When using a butter, such as shea, mango, or cocoa butter, it is often advised to temper it. But what precisely is "tempering?"
You may have heard someone use the term tempering in regards to chocolate. It that instance, it means to melt the chocolate, and then slowly lower the temperature to 88-90 degrees. At this point, you will want to stir vigorously to prevent the melted chocolate from cooling too quickly and forming crystalline clumps within the chocolate. If done correctly, tempered chocolate is smooth, shiny, and has a beautiful "snap." If you imagine chocolate covered strawberries, that lovely chocolate coating on the strawberries has been tempered.
We can do the same thing with our butters. The process is a little different, seeing as we don't need to achieve quite the same results. But it does help to prevent a butter from becoming grainy when incorporated into a product. If you are using a butter in cold process soap, it doesn't need to be tempered. However, I temper all of my cocoa, shea, and mango butters because I use them in several different products. This helps me to be able to grab the tempered butter I need without having to go through the process each time.
Here's how I do it, and what works for me. I'll be using cocoa butter for this example, but the process works the same for shea and mango butters.
I buy deodorized cocoa butter in fairly large quantities, so the first order of business is for me to break it up into manageable pieces. Mango and shea butters aren't as hard, so this process is easier for those butters. Cocoa butter requires the use of a hammer and chisel. I typically break up the block all at once, to save time later. I don't temper it all at once though, so the remaining pieces go into gallon sized ziploc bags for storage.

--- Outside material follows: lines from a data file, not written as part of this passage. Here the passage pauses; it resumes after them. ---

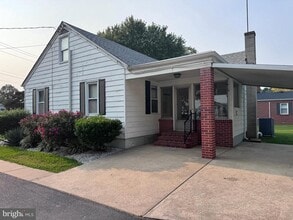 Building Photo - 112 Station Ln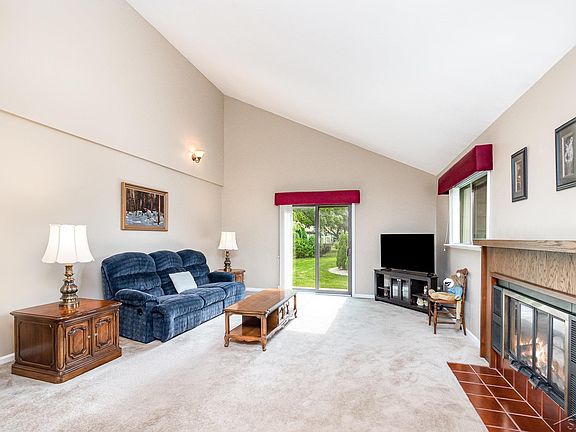 3rd image of 844 Fairlane Ct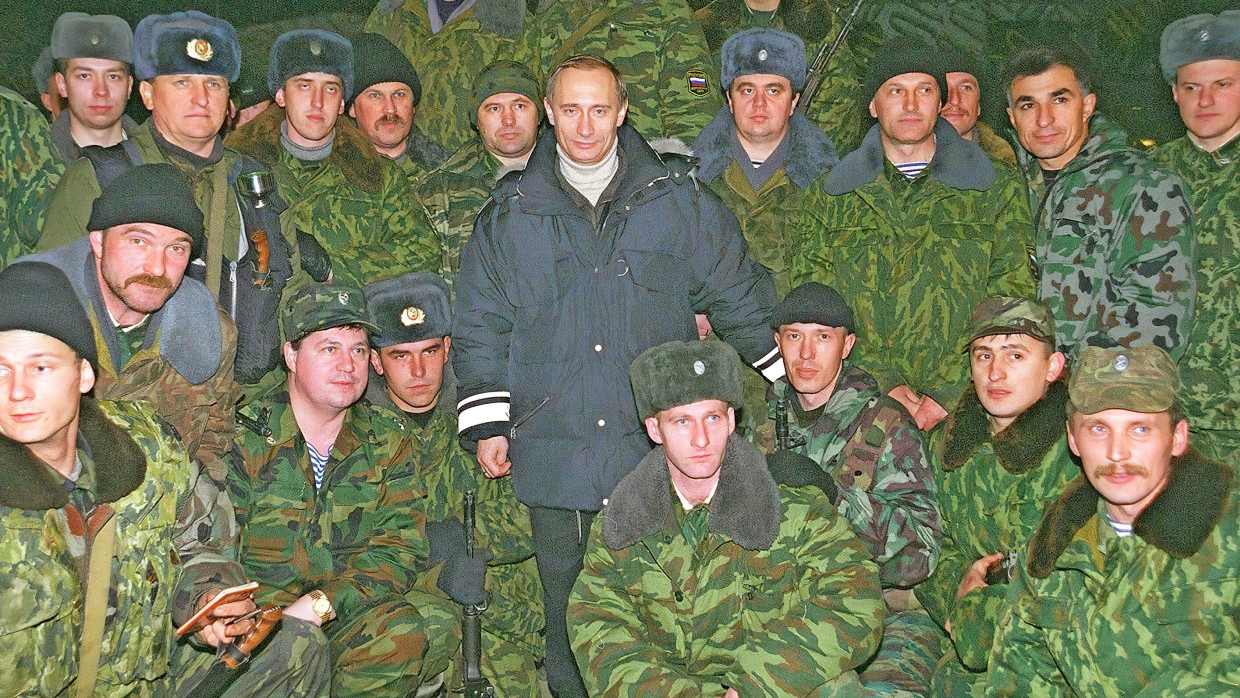 Truppenbesuch: Wladimir Putin in der Nähe von Grosnyj am 1. Januar 2000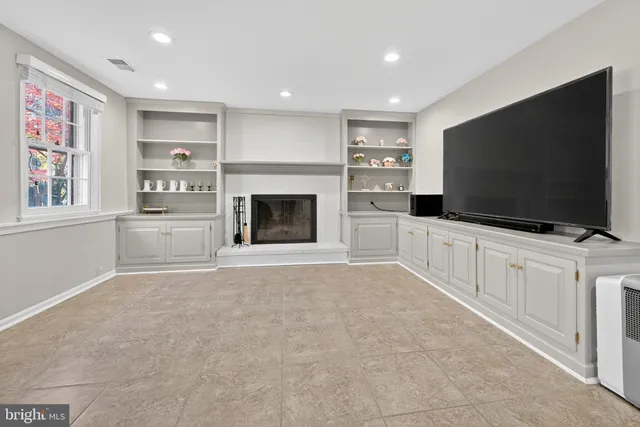 $900,000 | 411 Hurley Avenue, Rockville, MD 20850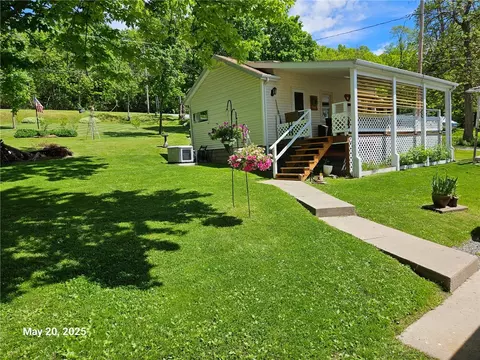 8476 Harvard St, Richmond, NY 14471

I take several chunks of the broken up cocoa butter and melt it down. You can do this is the microwave, in a crock pot, over a double boiler on the stove or any other way you can melt it and keep the temperature fairly controlled. You don't need it to get extremely hot, just warm enough that everything is completely melted. I usually heat until things are mostly liquid, then stir to melt the remaining solid chunks. Cocoa butter melts around 93-94 degrees, so keep this in mind when melting. You don't need it to be 200 degrees! I didn't get a picture of my big pot of melted cocoa butter because I forgot, but I pour it into those long spouted cups for ease in portioning.
I like to portion my cocoa butter into small pieces for ease in measuring later. I use this gingerbread man silicone mold that I picked up at a craft store. I like this particular mold because not only are the pieces fairly small, but I can also break off pieces easily to make the correct weights when I use the cocoa butter later. The arms, legs, and heads break off easily. I've used other similar molds, such as hearts, flowers, and trees, and have found that I prefer the gingerbread man for cocoa butter. For other butters, I find that the shapes don't matter as much to me. However, this is completely up to you! I also place the mold on a rimmed cookie sheet so I can move it around easily. The silicone bends, meaning that I could spill something if I didn't support it evenly.

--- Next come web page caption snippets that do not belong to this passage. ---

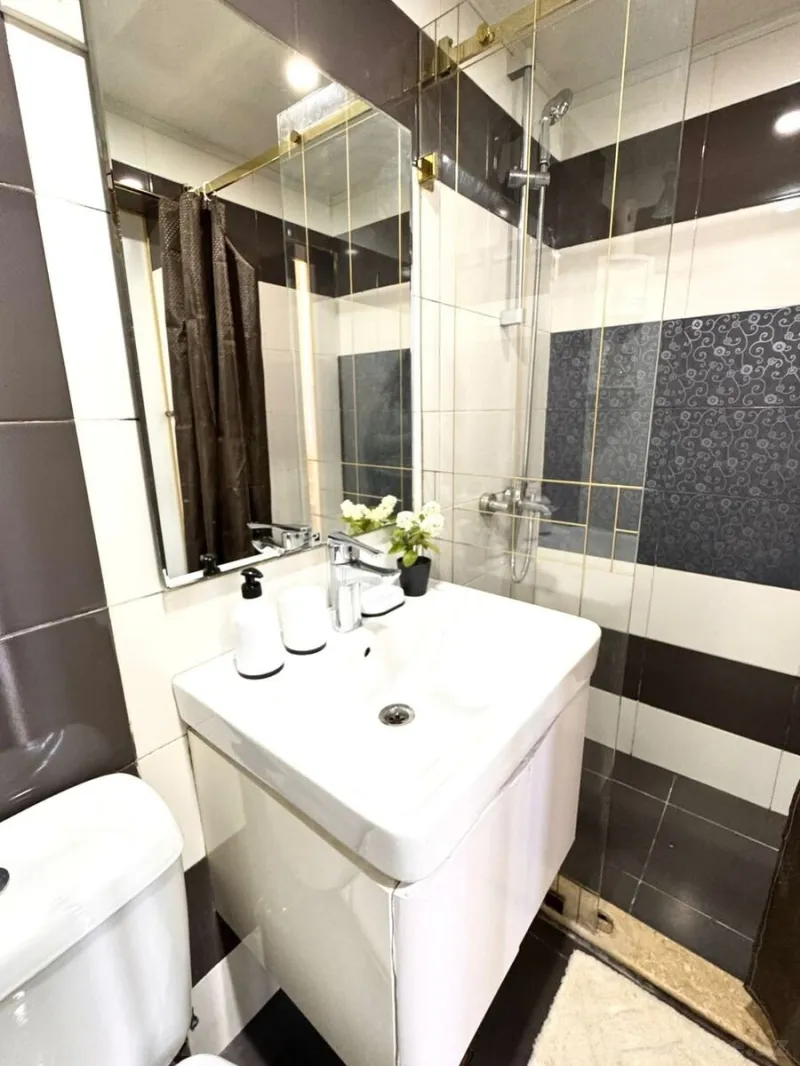 Kirayə verilir 2 otaqlı Mənzil Köhnə tikili 55 m² İçərişəhər m. - şəkil 12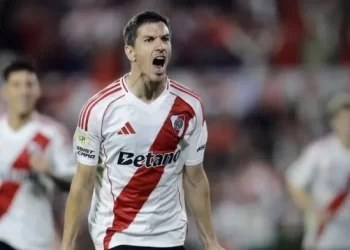 River goleó a Barracas y se clasificó a cuartos del Apertura 2025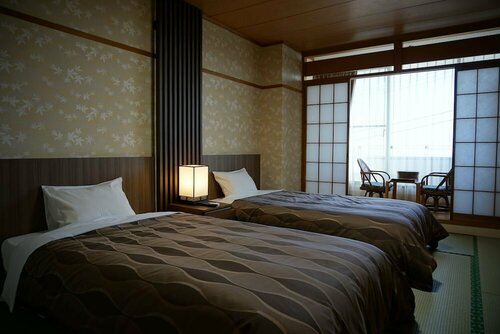 Гостиница The Gran Resort Elegante Atami в Атами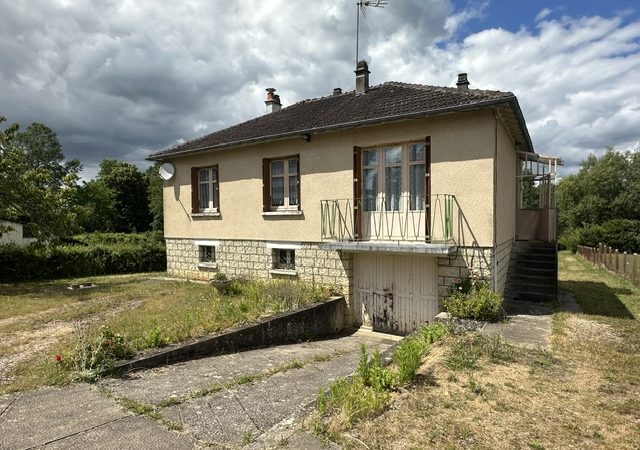 Réf 2347 SAINT AMAND EN PUISAYE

Now I just pour the melted cocoa butter into each mold. Sometimes I'm neater than other times, but I do try to keep it in the actual mold spaces. This is why I use the cup with the long spout! Pouring directly from the pot just leads to a big mess. It's not a huge deal if they aren't totally neat, as you can break those pieces off when unmolding and store them as well. The filled mold goes into the refrigerator for about 4-6 hours, or until the cocoa butter is about 30-35 degrees or so. Some people say that you can let it solidify at room temperature, but I find that the cocoa butter doesn't cool evenly and gets spotty and/or grainy. In an effort to help it cool more quickly and evenly, I use the refrigerator. In a perfect world, I can leave it in the refrigerator overnight.
After about 4-6 hours, the cocoa butter is solid and ready to unmold. It's nice and smooth, and ready to use. Use a temp gun to test the temperature of the cocoa butter. You want it to be about the same temperature as the interior of your refrigerator, around 32-34 degrees. You'll need it to come out of the mold easily, without cracking or melting against the heat of your fingers. It can take a little bit of trial and error to find the sweet spot for you, since everyone's refrigerator and house are different!
I put the now tempered cocoa butter into gallon sized ziploc bags for storage until I need it. It's easy to grab whenever I need it! I store it at room temperature, but I don't seal the ziploc bag until the cocoa butter has come up to room temperature. This is to help prevent condensation on the interior of the bag.
Remember, this is the technique that I have found works for me. What works for you may be very different!
How do you prepare your butters for use?